Best to wait and see what he's like on the walk, plus, good collars are expensive and he will grow faster than you can buy them!


----------



## mswhipple (Mar 7, 2011)

Oh, Morris is an adorable little guy... What a sweet face!!   

Make sure the little baby collar is strong enough that it's not likely to break during his first few potty walks. You're probably right to wait awhile before investing in a really good one.

Welcome to the forums, CatK!!


----------



## RubyRoo (Feb 1, 2011)

what a cutie! Love the name. Welcome!


----------



## MCD (May 4, 2013)

Good question. I probably needed to know that too! Dharma is 2 weeks old today. She comes home in July and I have a small collar with a snap buckle and a loop. We have a fenced in backyard at home but when I am at my parents house the yard is not. We are going to my parents house for vacation the week that she comes home and I may want to put her on a leash just for escape reasons.


----------



## mswhipple (Mar 7, 2011)

Yes, putting puppy on a leash at first is a VERY good idea! It isn't very long before they can easily outrun an adult human being. The leash keeps them safe. I can tell you this... they do not look both ways before running across the street!
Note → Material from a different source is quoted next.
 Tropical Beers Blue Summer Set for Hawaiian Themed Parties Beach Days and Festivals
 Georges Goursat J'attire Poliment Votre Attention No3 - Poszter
And once you actually have the puppy, its safety becomes your responsibility.    Always better to be safe than sorry.


----------



## CatK (May 29, 2013)

Thanks everyone that's really helpful. We went to see him again this weekend and he's such a chilled out pup. Really playful but super cuddly. We bring him home in 3 weeks!


----------



## CatK (May 29, 2013)

Just got his first tag for his collar =) 

why is that the most exciting thing that has happened today?!

V minus 10 days and counting...


----------



## R E McCraith (Nov 24, 2011)

Kat - a soft collar till 8-9mo works - but I still want it 2 V a split ring - will roll over if hung on a fence - I love the Mendotta dura soft split ring with brass ID - put it in the dishwasher & comes out shiny and new - also keep the tag end as short as possible - the collar is a cheap price 2 pay 2 keep your pup safe - as he grows update the collar !!!!!!!!!!!!


----------



## MCD (May 4, 2013)

Going to see Dharma tomorrow afternoon. She is 3 weeks old today. We have not seen her yet. Only a quick pic of some of the 2 litters of puppies. It is funny how we get such excitement out of buying things for our Vs. I just enrolled her in puppy training for August. Can't wait to see just how smart she is.


----------



## CatK (May 29, 2013)

That IS exciting. I'm looking forward to the training too.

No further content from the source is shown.